PEYAMİ SAFA’NIN YALNIZIZ ROMANINDAKİ ANLATIM SANATI
       (…)

       Simeranya, Yalnızız romanının kurgu ilkesini önemli ölçüde belirlemektedir. Bu ilke, doğrudan doğruya kutupluluk ilkesidir ve eser, her şeyden önce iki karşıt temele dayanmaktadır: Gerçeklik ile ideal. Peyami Safa, romanının ana düşüncesi olarak da karşıtlık ilkesine işaret etmektedir. “İnsan realitesi tezatlıdır” (s. 125) diyen yazar, hayatın, evrenin temeli olarak andığı bir de dip zıtlıktan söz eder sık sık. İşte Simeranya’nın en büyük başarısı, manevî alanda karşıtlıkları uyuma ulaştırmasıdır. Pozitifle negatifi maddî alanda elektrik ışığında hayırlı bir senteze ulaştıran insanlığın, manevî alanda henüz böyle bir sentezden uzak olduğundan ve kendi karşıtlıklarının esiri olduğundan yakınır. Öte yandan Simeranya madde ile mânâ arasındaki ikiliği de aşmış bir dünyadır: “Simeranya’da maddenin katılaşmış bir ruh ve ruhun beş duyumuzla idraki mümkün olmayan ince bir madde olduğu kabul edilmiştir.” (s. 137)

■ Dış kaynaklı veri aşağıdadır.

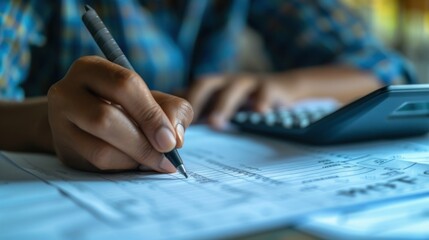 Close-up of hands writing and calculating numbers on a tax form.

       Peyami Safa, romanının temel düşüncesini figürlerin esere yerleştirilmesinde de uygular: Samim’le Besim, Ferhat’la Haydar, dünya görüşleriyle, hayat anlayışlarıyla karşıt iki kutuptur. Besim, boğazına düşkün, maddî zevklere değer veren, tipik bir epikürcüdür. Ağabeyiyle kendi arasındaki farklılığı da her şeyi olduğu gibi maddeyle, vücut yapılarının farklılığıyla açıklayan Besim (s. 37), olaylar ve durumlar karşısında hep hafife alan, umursamayan, “gırgır geçen” bir tavır takınır. Romanda bu figür, bir bakıma yazara kendisinin benimsemese de mümkün gördüğü, varlığını kabul ettiği bir tutumu gözler önüne serme imkânı vermektedir. Peyami Safa’nın romancılık başarısının en güçlü göstergesi, figürlerin ve düşüncelerin karşıtlarını yaratmadaki becerisidir. Zaten roman sanatının esası, yazarın kendi görüşlerinin tersini savunan kişilerle bile özdeşleşebilmesi, teke tek tartışmaları, karşılıklı sohbetleri eşit ağırlıklı canlandırabilmesidir. Yalnızız’da yazarın sözcülüğünü yapan figürün Samim olduğu açıktır. Ama Besim’in de söz hakkı kazanması ve hemen her konuda karşı düşünceyi ya da karşı tutumu dile getirerek ister tartışma ister sohbet olsun her türlü konuşmayı tek yanlılıktan kurtarıp bütüne ulaştırması Yalnızız’ı çağdaş roman katına yükselten bir kurgu özelliğidir.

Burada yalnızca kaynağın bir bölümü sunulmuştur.